Web page caption snippets
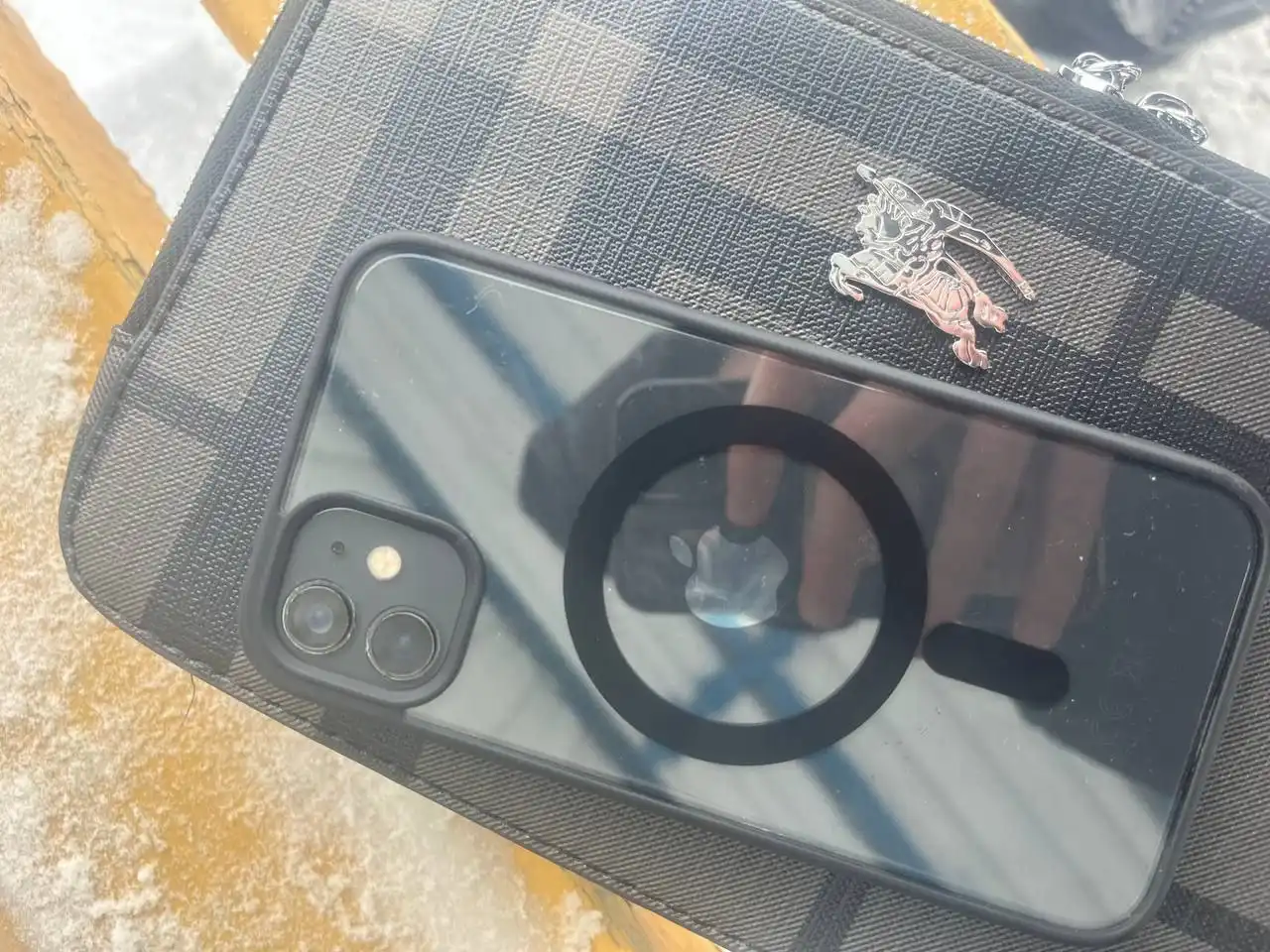 Продам iPhone 11 128 ГБ черный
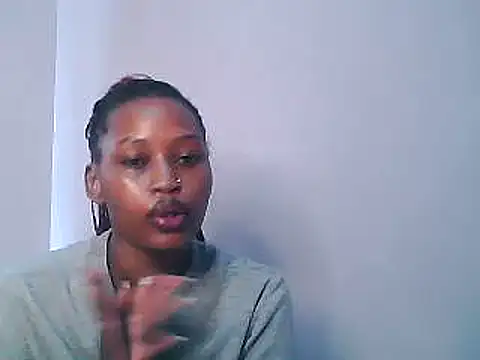 Snapshot of Sweet_Vinkah chatting on 02-17-25, 12:48 Sweet Vinkah online show from 02-17-25, 12:48
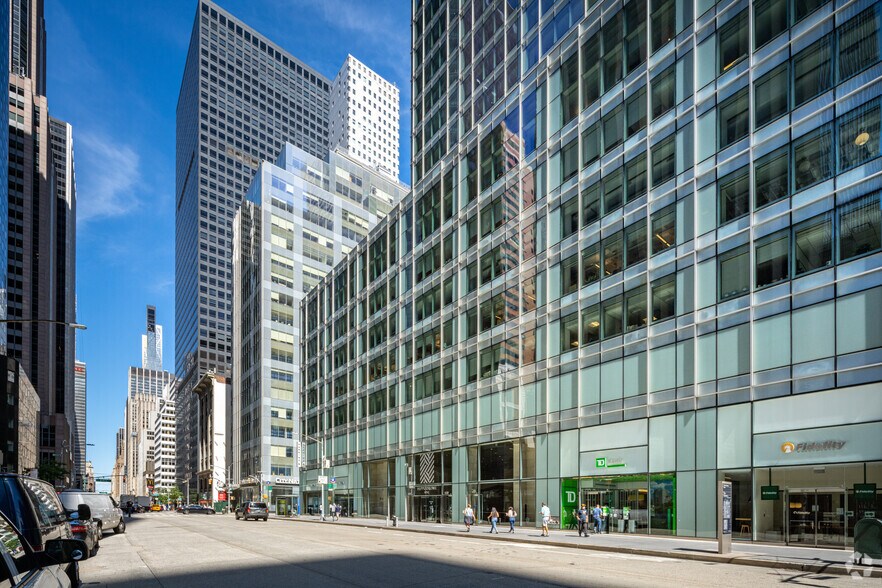 More Photos Of 1120 Avenue of the Americas, New York Office For Lease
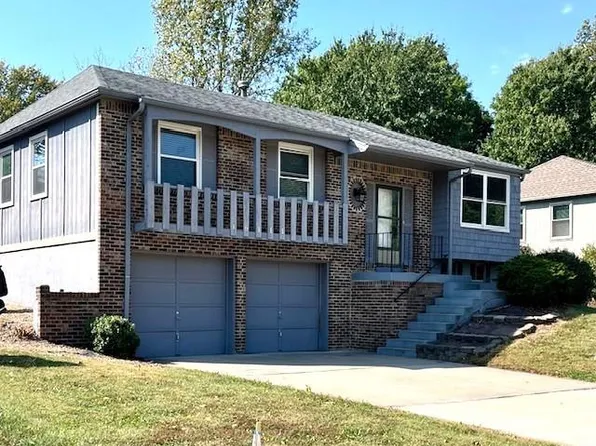 16111 W Indian Creek Pkwy, Olathe, KS 66062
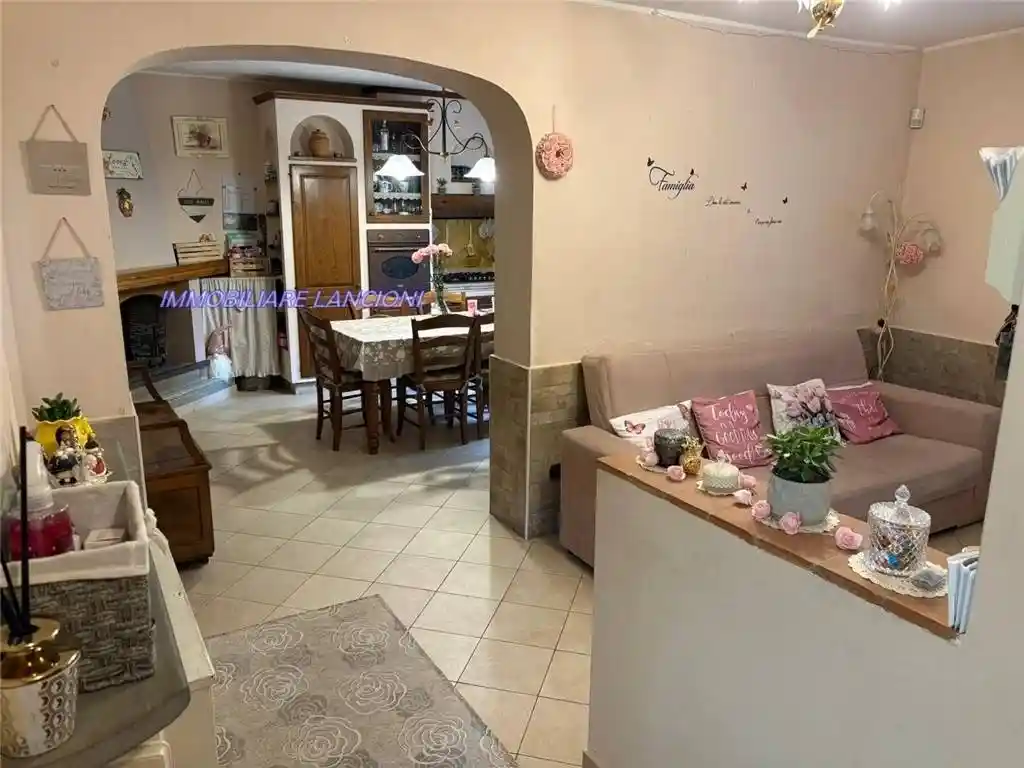Casa indipendente in vendita a Lastra a Signa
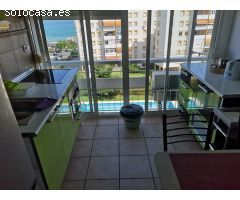 Apartamento en Alquiler en Torremolinos, Málaga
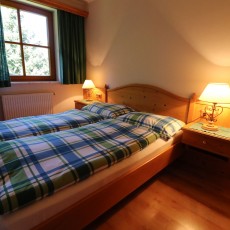 Schlafzimmer in einem der Apartments
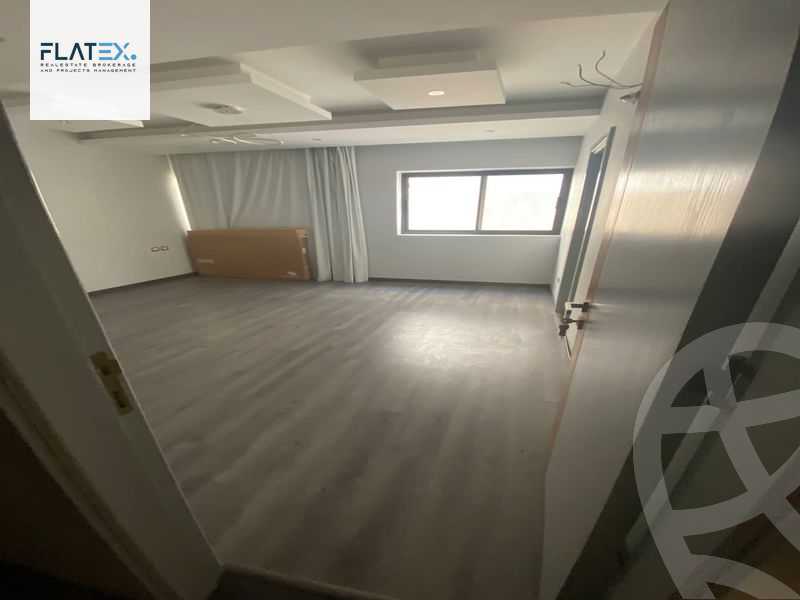 https://aqarmap.com.eg/ar/listing/4833256-for-rent-cairo-new-cairo-compounds-lakeview-residence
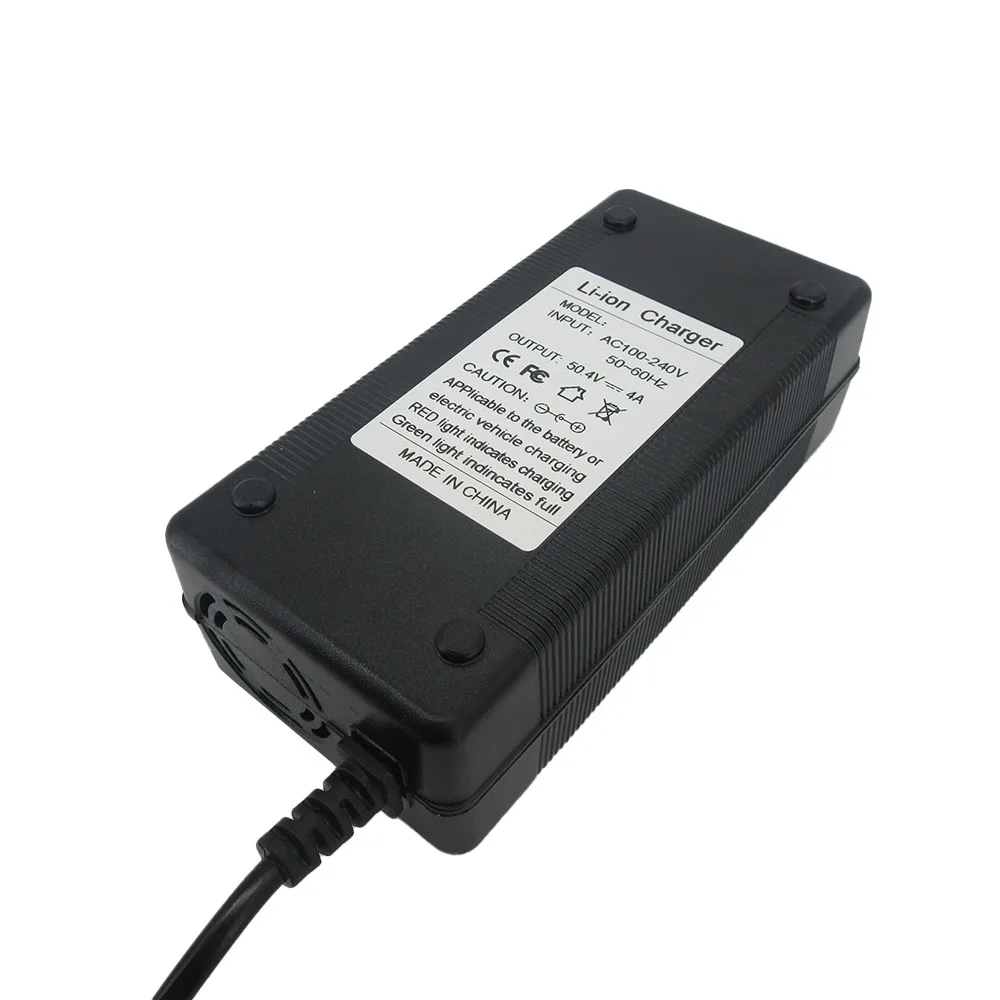 50.4V 4A DC Lithium Fast Charger 12S 44.4V 43.2V Li-ion 20AH 30AH Battery Charger XT60 GX16 With Fan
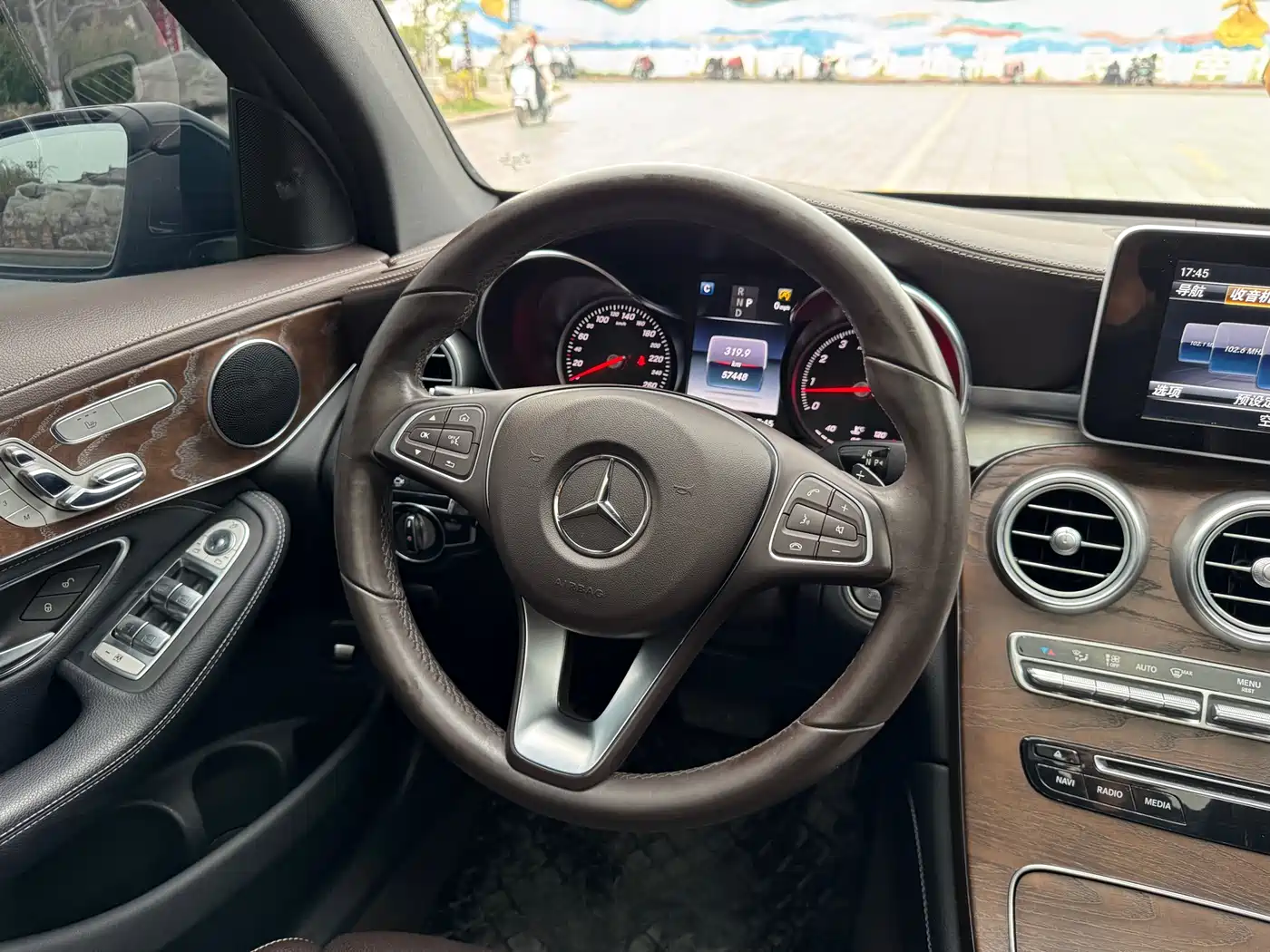 Mercedes-Benz GLC 2018 GLC 300 4MATIC Dynamic фото 17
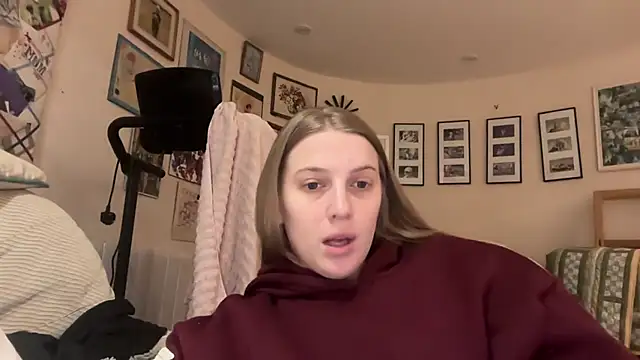 Ella-82 online show from 13, 2, 2025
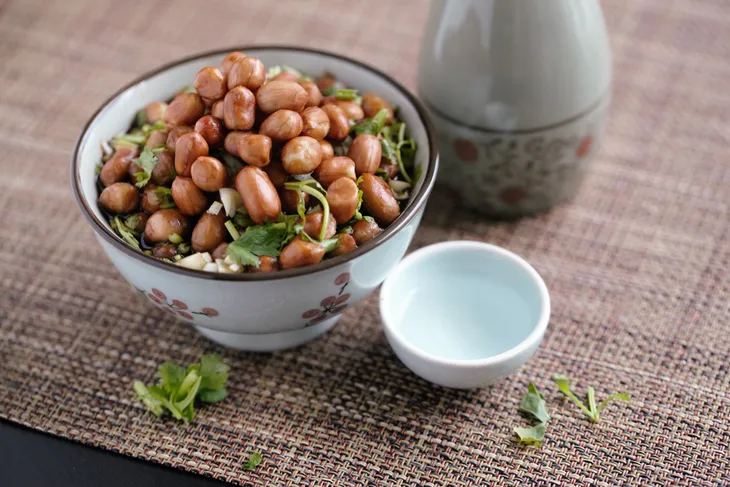 Tại sao hạt lạc hay được dùng làm món khai vị? - Ảnh 1. Tại sao hạt lạc hay được dùng làm món khai vị? - Ảnh 1.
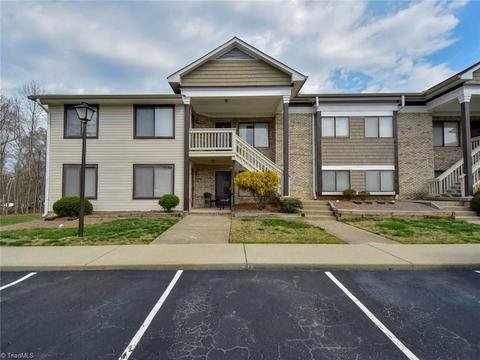 408 English Ct, Trinity, NC 27370 photo 2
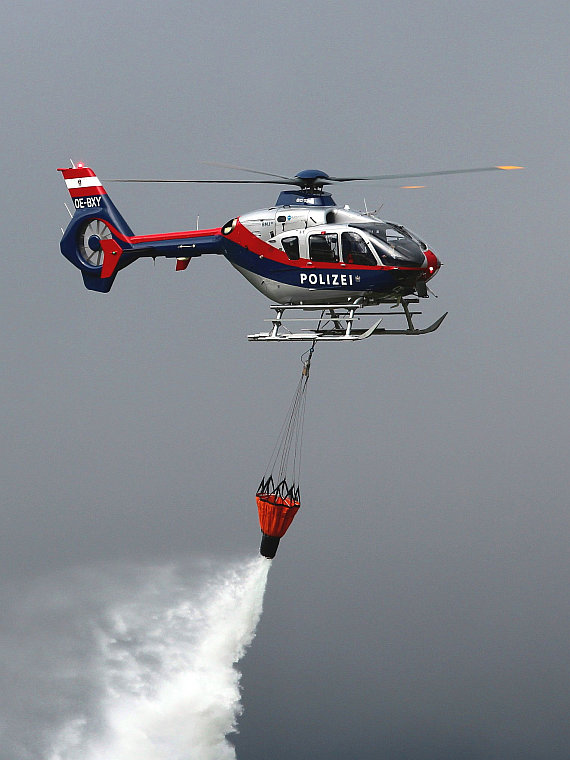 EC135 der Flugpolizei im Löscheinsatz (Symbolbild) - Foto: Christian Schöpf für Austrian Wings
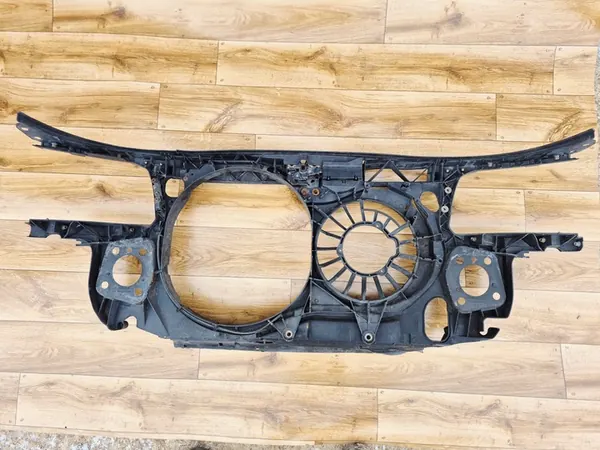 Audi A4 B6 2.5TDI Para-choque Dianteiro 8E0805594A image 3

> _What you need to do_: Beginning with the line that contains "EC135 der Flugpolizei", repeat every remaining line of the data exactly, the last line included, and omit pictures.

> _Task result_:
 EC135 der Flugpolizei im Löscheinsatz (Symbolbild) - Foto: Christian Schöpf für Austrian Wings
 Audi A4 B6 2.5TDI Para-choque Dianteiro 8E0805594A image 3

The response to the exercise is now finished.